Top of PROVIDED MATERIAL
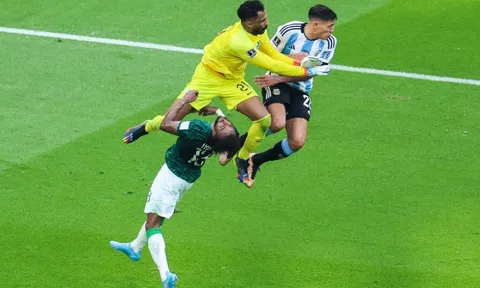 "Siêu chiến binh" xuất hiện trong trận Argentina 1-2 Saudi Arabia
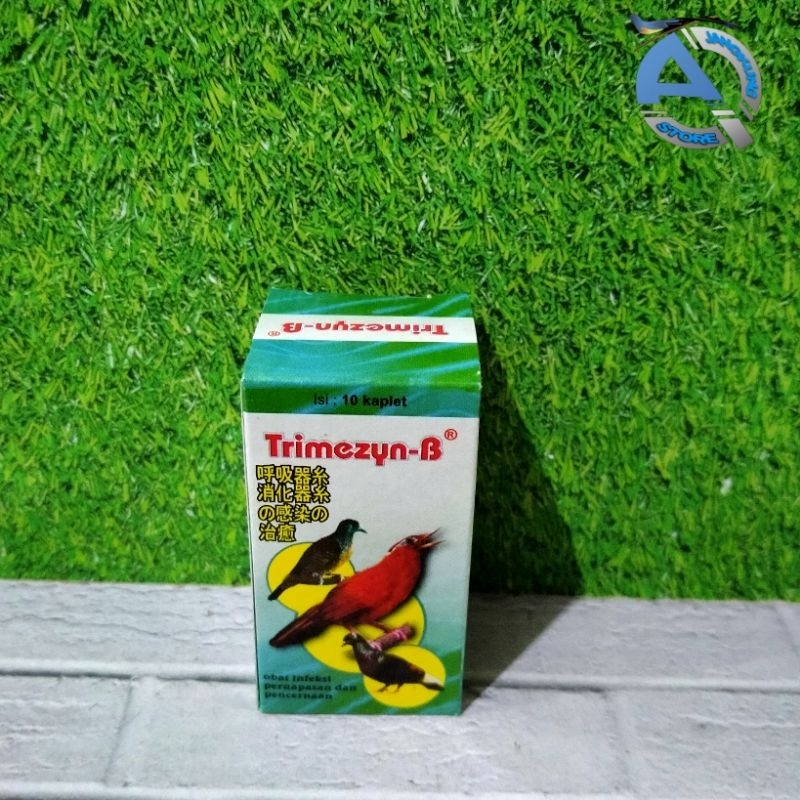Trimezyn-B Plus Obat Infeksi Pernapasan Dan Pencernaan Burung Kicau Perkutut Merpati dll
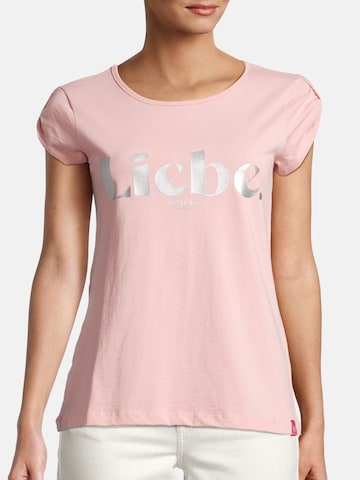 salzhaut Shirt 'BIIKE' in Roze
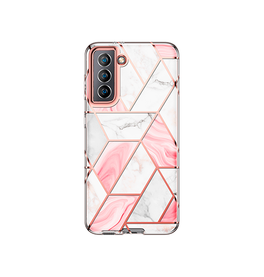 Samsung Galaxy S21 | Samsung S21 - UNIQ™ Marble Silikone Cover - Rose Pearl - DELUXECOVERS.DK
Bottom of PROVIDED MATERIAL
**THE PROBLEM**.
Please write out, exactly, every line from the line with "salzhaut Shirt 'BIIKE' in Roze" through the final line of the data above, leaving out pictures.

**OUTPUT FOR THIS TASK**.
 salzhaut Shirt 'BIIKE' in Roze
 Samsung Galaxy S21 | Samsung S21 - UNIQ™ Marble Silikone Cover - Rose Pearl - DELUXECOVERS.DK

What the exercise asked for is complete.